Prompt
Repeat the listing exactly. Do not carry over any pictures.

Records for processing
○ ○ ○ ○

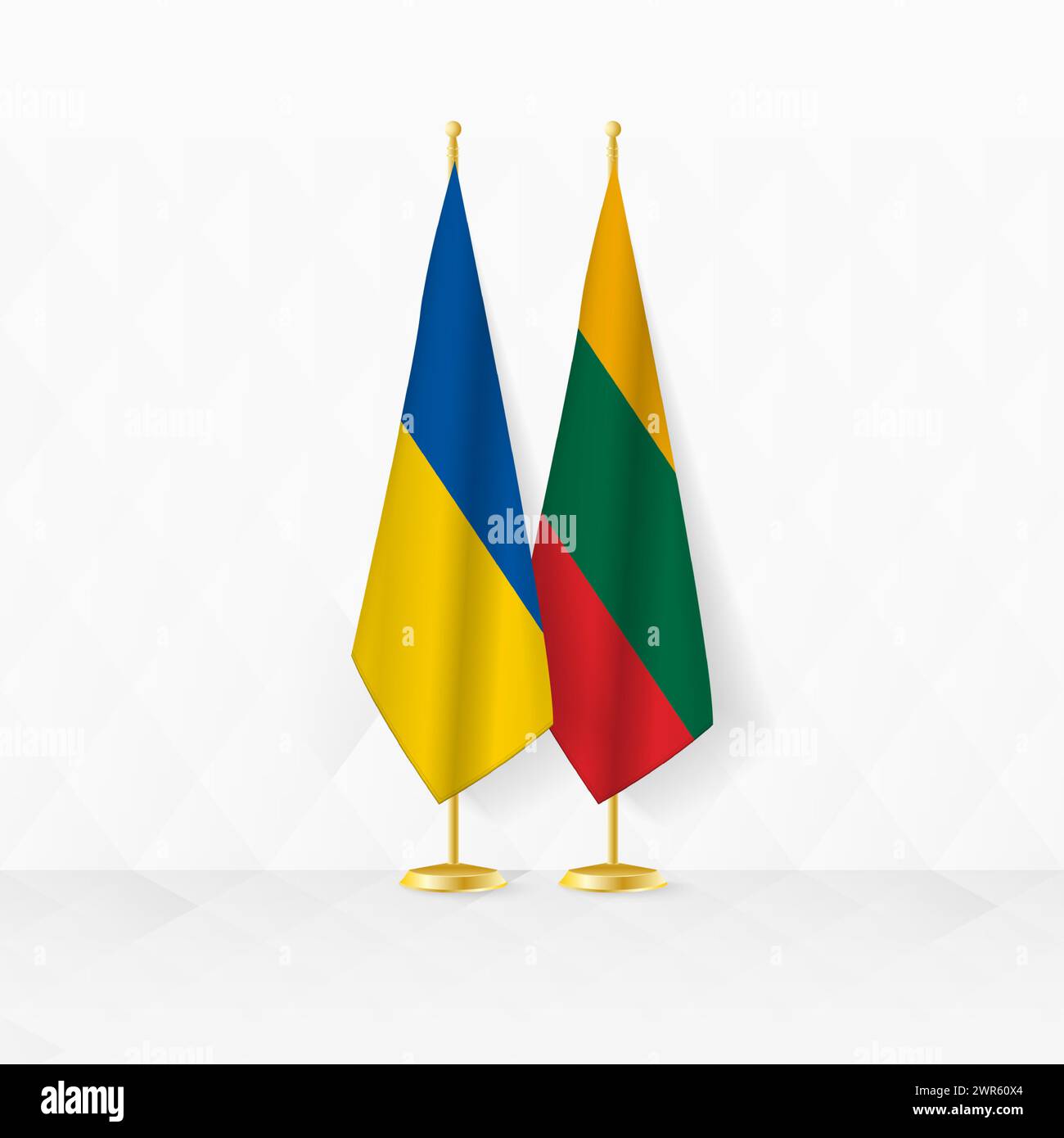Bandiere dell'Ucraina e della Lituania sul banco della bandiera, illustrazione per la diplomazia e altri incontri tra Ucraina e Lituania. Illustrazione vettoriale. Illustrazione Vettoriale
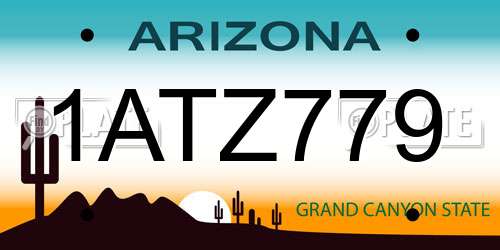 1ATZ779 Arizona License Plate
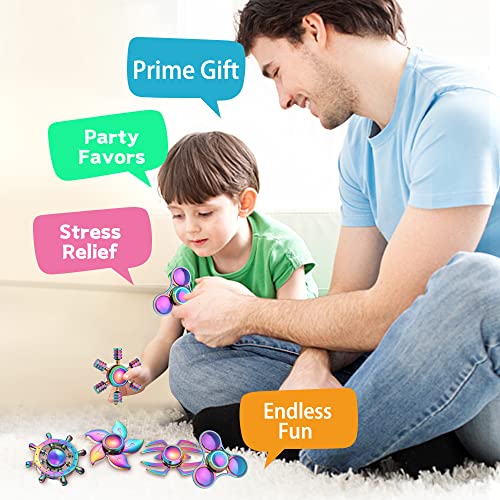 Cool Fidget Spinner Toy Metal For Kids Adults, Small Finger Hand Spinner Gadget Desk Toy Spinning Top Focus Party Favors Stocking Stuffer Fidget Pack Fingertip Gyro For Stress Relief Anti Anxiety Gift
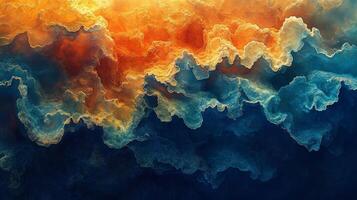 An abstract painting of orange and blue clouds photo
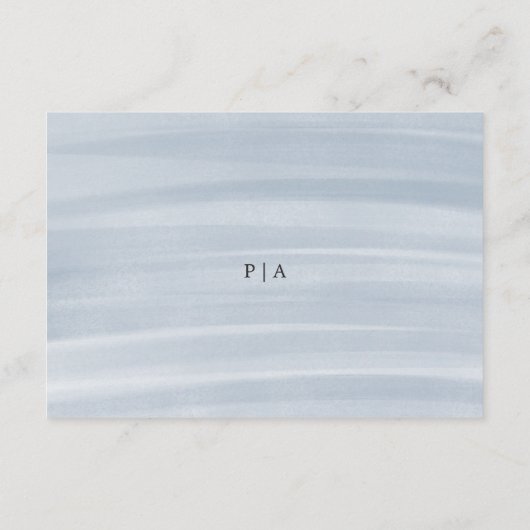 Kust Chic Gedempte Blauwe QR Code Elegante Trouw RSVP Kaartje (Achterkant)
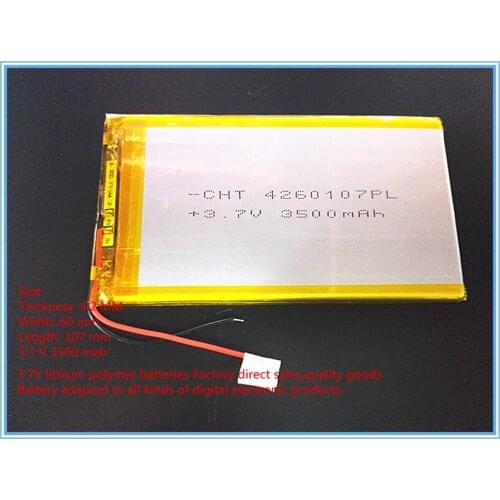 Free shipping 3.7 V lithium polymer batteries, 4060105, 4260107, 3500 mah applicable tablet rechargeable batteries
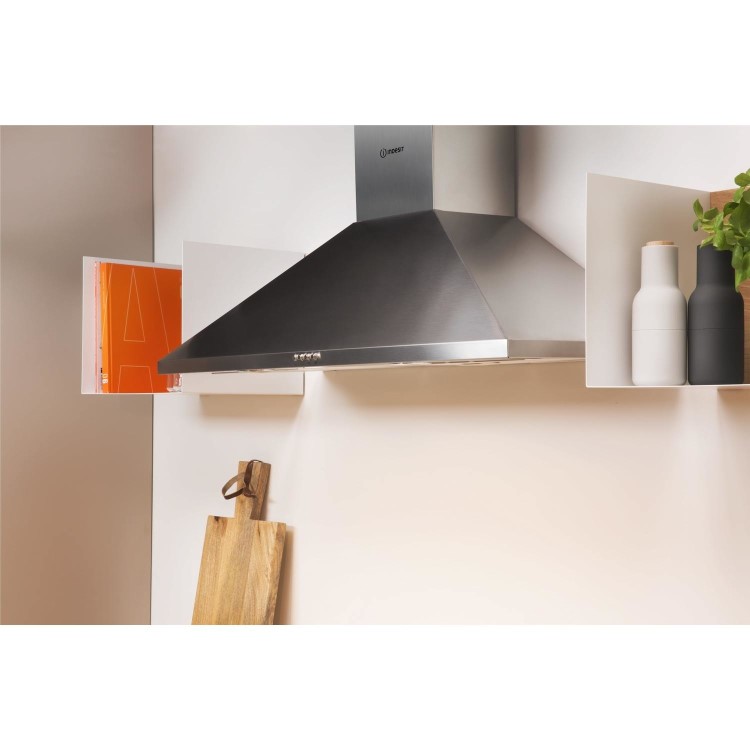 Indesit 90cm Chimney Cooker Hood - Stainless Steel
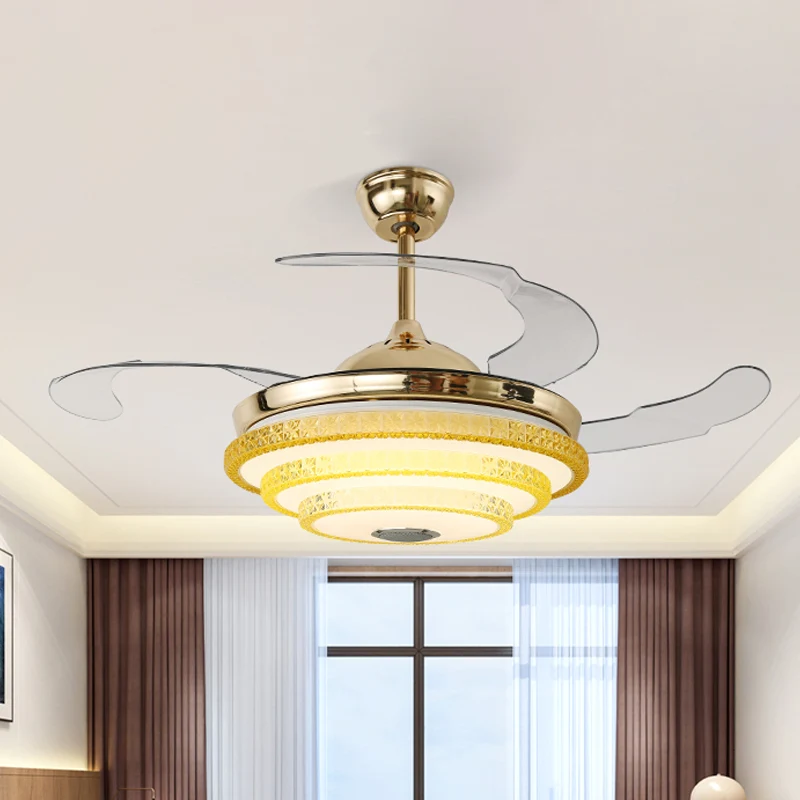 3 bladen moderne ronde semi-verzonken afgeschuinde kristallen LED-plafondventilatorlamp goud, 42" breed Clearhalo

○ ○ ○ ○

Exercise solution
Bandiere dell'Ucraina e della Lituania sul banco della bandiera, illustrazione per la diplomazia e altri incontri tra Ucraina e Lituania. Illustrazione vettoriale. Illustrazione Vettoriale
 1ATZ779 Arizona License Plate
 Cool Fidget Spinner Toy Metal For Kids Adults, Small Finger Hand Spinner Gadget Desk Toy Spinning Top Focus Party Favors Stocking Stuffer Fidget Pack Fingertip Gyro For Stress Relief Anti Anxiety Gift
 An abstract painting of orange and blue clouds photo
 Kust Chic Gedempte Blauwe QR Code Elegante Trouw RSVP Kaartje (Achterkant)
 Free shipping 3.7 V lithium polymer batteries, 4060105, 4260107, 3500 mah applicable tablet rechargeable batteries
 Indesit 90cm Chimney Cooker Hood - Stainless Steel
 3 bladen moderne ronde semi-verzonken afgeschuinde kristallen LED-plafondventilatorlamp goud, 42" breed Clearhalo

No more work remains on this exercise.